Visualization of common machine-learning regression algorithms on San Francisco AirBnB listing data.

Primary LanguagePython

AirBnB Regression

Visualization of common machine learning regression algorithms on San Francisco AirBnB listing data.

See the application hosted here. For comparison, here is the original version of the web application.

About

This web application was built almost completely in Python, using Dash, a Python framework for building analytical web applications atop React and Flask. Dash plays particular well with plotly, which was used to create the live visualizations.
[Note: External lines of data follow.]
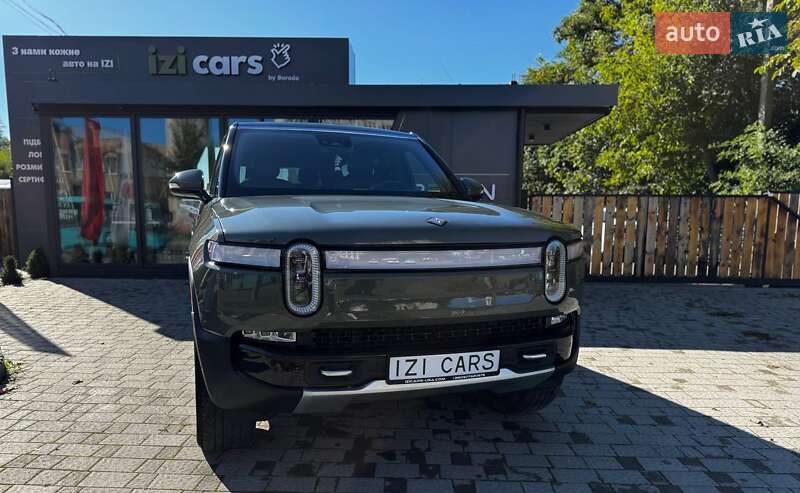 Rivian R1S 2022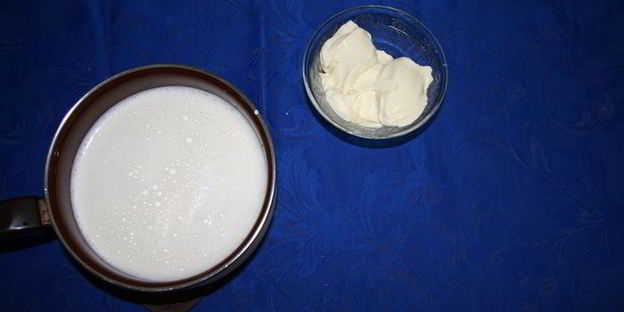 сырное черничное мороженое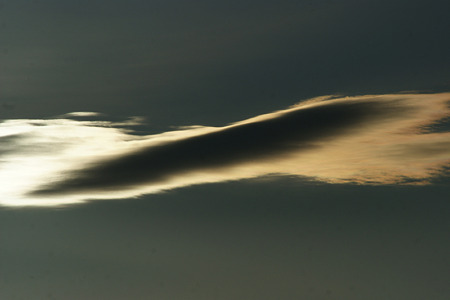 秋空に光る雲!(111016)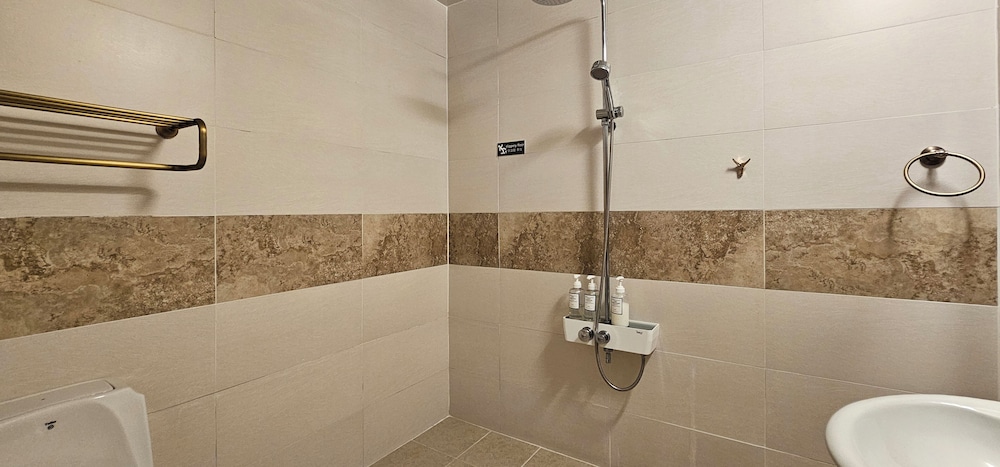 Deluxe Double - Balcony, Ocean Harbor View (Twin Bed Not Available) photo 3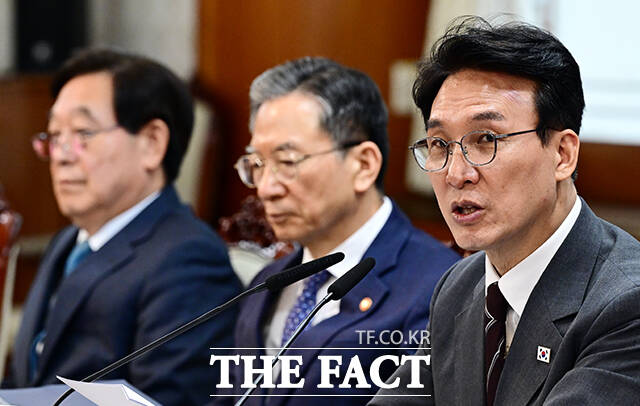 김민석 국무총리(가운데)가 27일 오후 서울 종로구 정부서울청사에서 열린 국가보훈위원회 회의에 참석해 모두발언을 하고 있다. /임영무 기자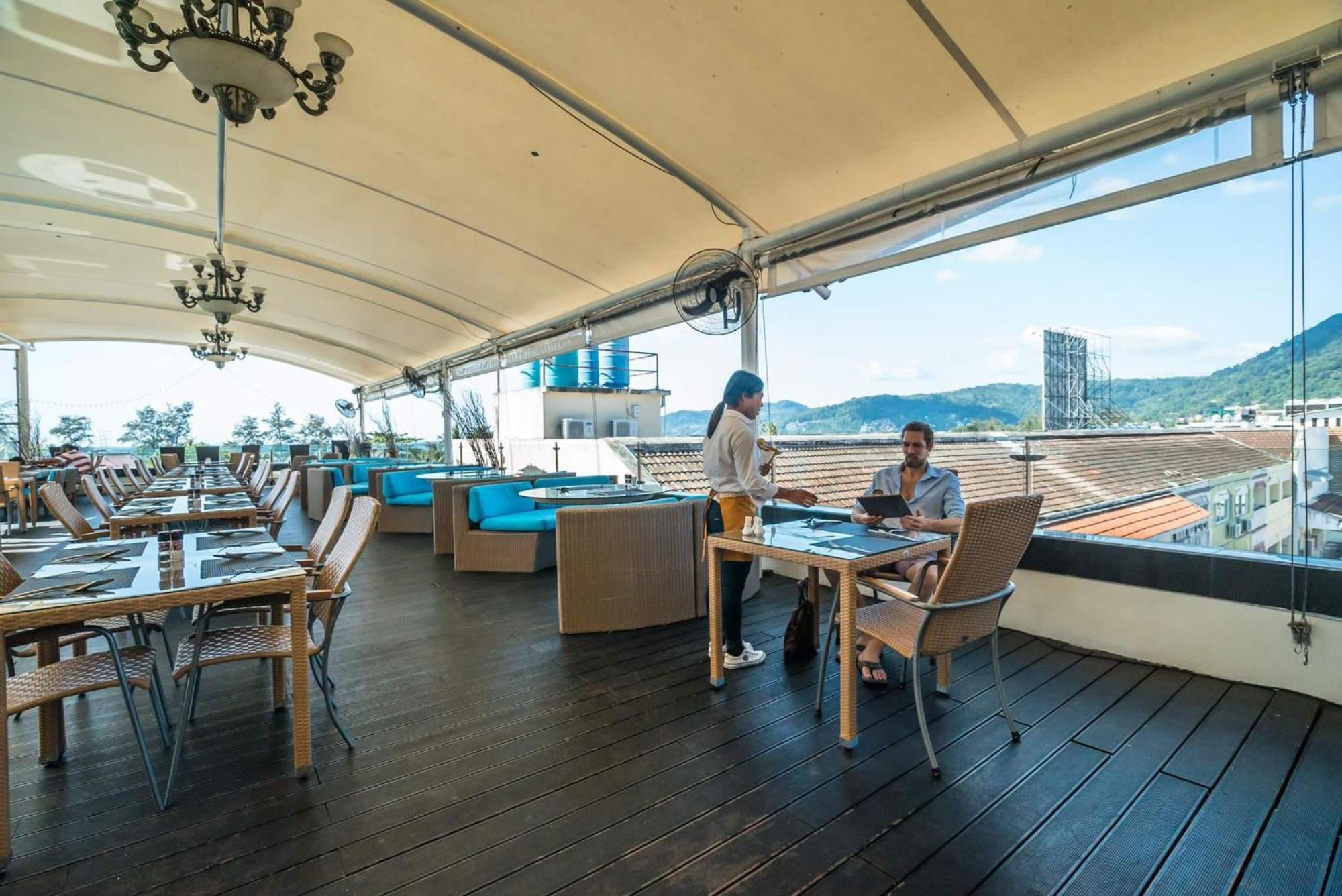 Pangsapuri 306 Promotion Modern 1 Bedroom In Bangla Road With Private Jacuzzi & Roof Pool Patong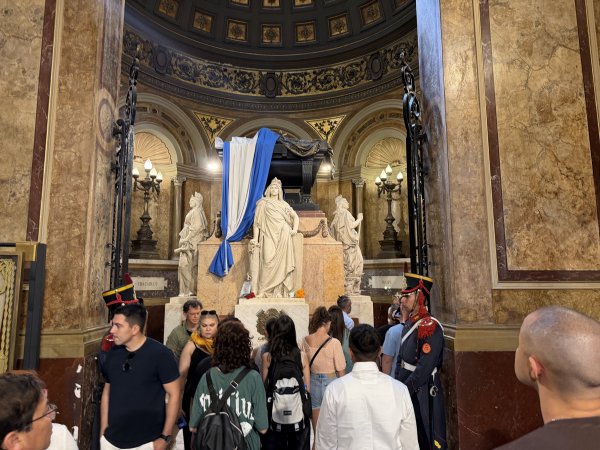 [紐約馬之行-55] 2025_1114 布宜諾斯艾利斯主教座堂2953550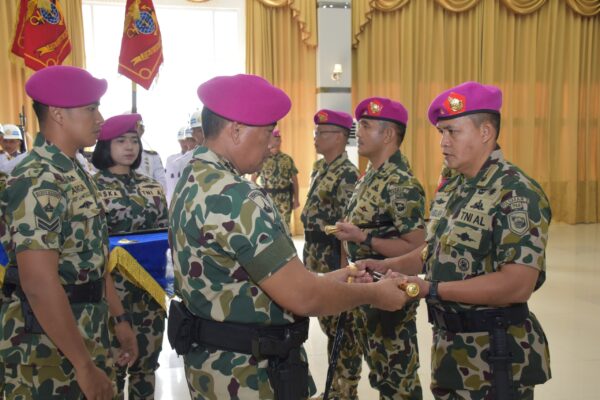 Pangkormar Kukuhkan Jabatan Kadissenlek Kormar dan Dandenipam Marinir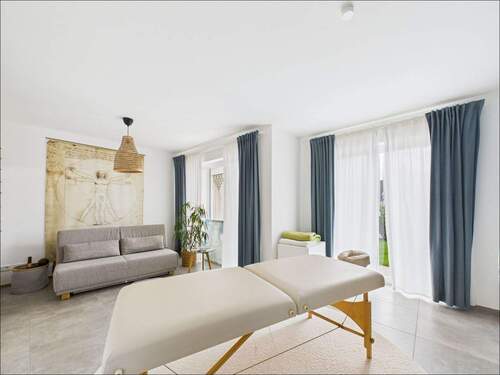 Zimmer EG - Doppelhaushälfte mit 145,00 m&sup2; in Haibach zur Miete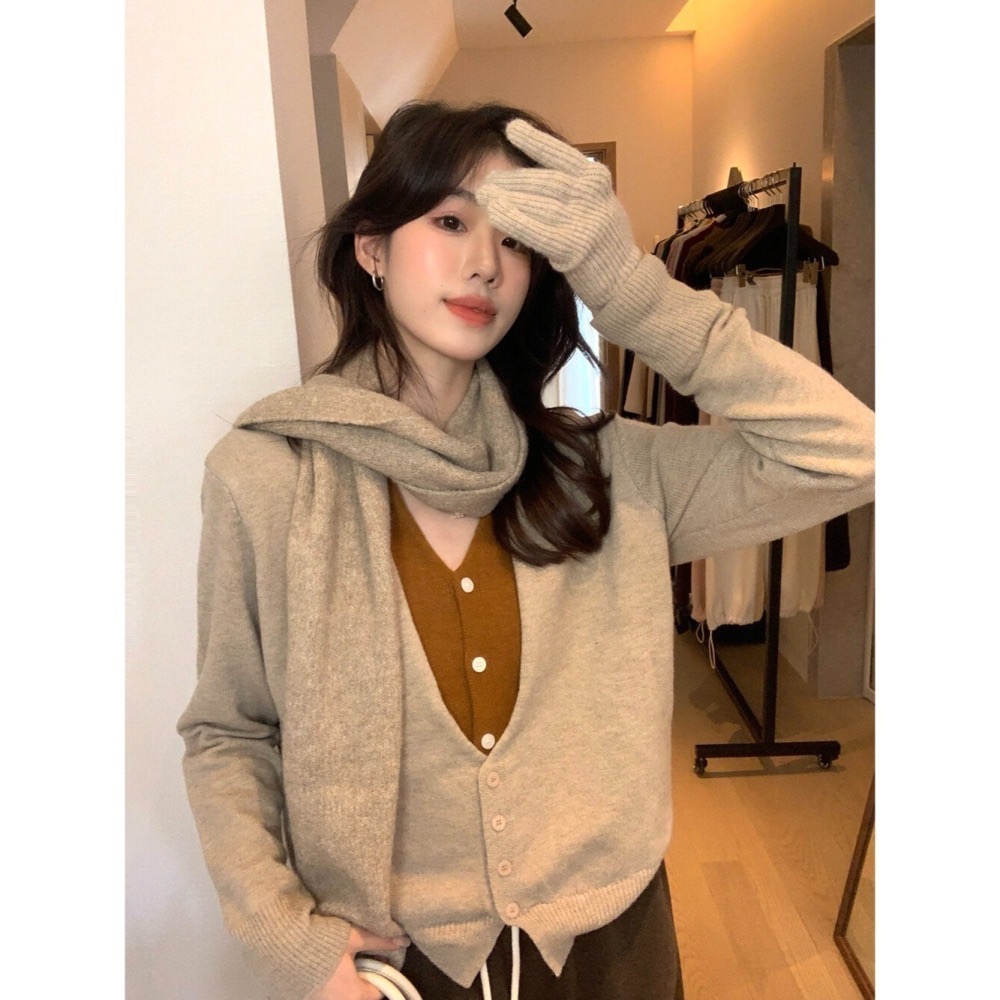 ［台中現貨⚡️］202511小資💘小眾設計感 6%羊毛 撞色假二件 顯瘦V領針織開衫 大胸友善 5色 KK-216-細節圖2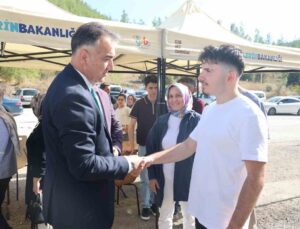 Karabük Valisi Çağatay yurt kayıtlarını inceledi, tüm başvuranlar yerleşti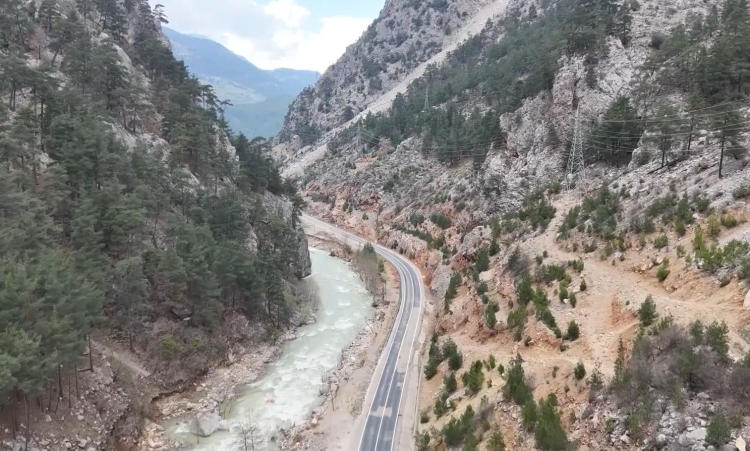 Feke ve Saimbeyli belediye başkanları, yeni yapılacak tünel projesini yerinde anlattı 2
Map Image Regression Image

The data was imported and analyzed using pandas, while the regression models were built with scikit-learn, a common Python machine learning library. Specifically, the application showcases the polynomial regression, k-nearest neighbors and support vector machine regression (SVR) models available in scikit-learn.

Installation

To install and run this web application locally, following the steps below after downloading the repository. First, we need to ensure the correct dependencies are installed, which are listed in production/requirements.txt. This can be done from the terminal with the following command.

pip install -r production/requirements.txt

After installing the appropriate dependencies, navigate to the app folder and start the server by simply running app.py. Now the application should be running locally: visit http://localhost:8050/ to see it.

cd app
python app.py

History

The the original version of the web application was initially built for the CapitalOne Software Engineering summit. As part of the challenge, we were required to build a web application which explored the following questions.

  1. Graph some (any 3) interesting metrics, maps, or trends from the dataset.
  2. Given the geo-location (latitude and longitude) of a new property, estimate the weekly average income the homeowner can make with Airbnb.
  3. Given the geo-location (latitude and longitude) of a property, what is the ideal price per night that will yield maximum bookings or revenue?

After taking a machine learning class, I decided that the data would be perfect for visualizing various machine learning regression algorithms since a 3D plot had a clear interpretation: it represents a price map over San Francisco.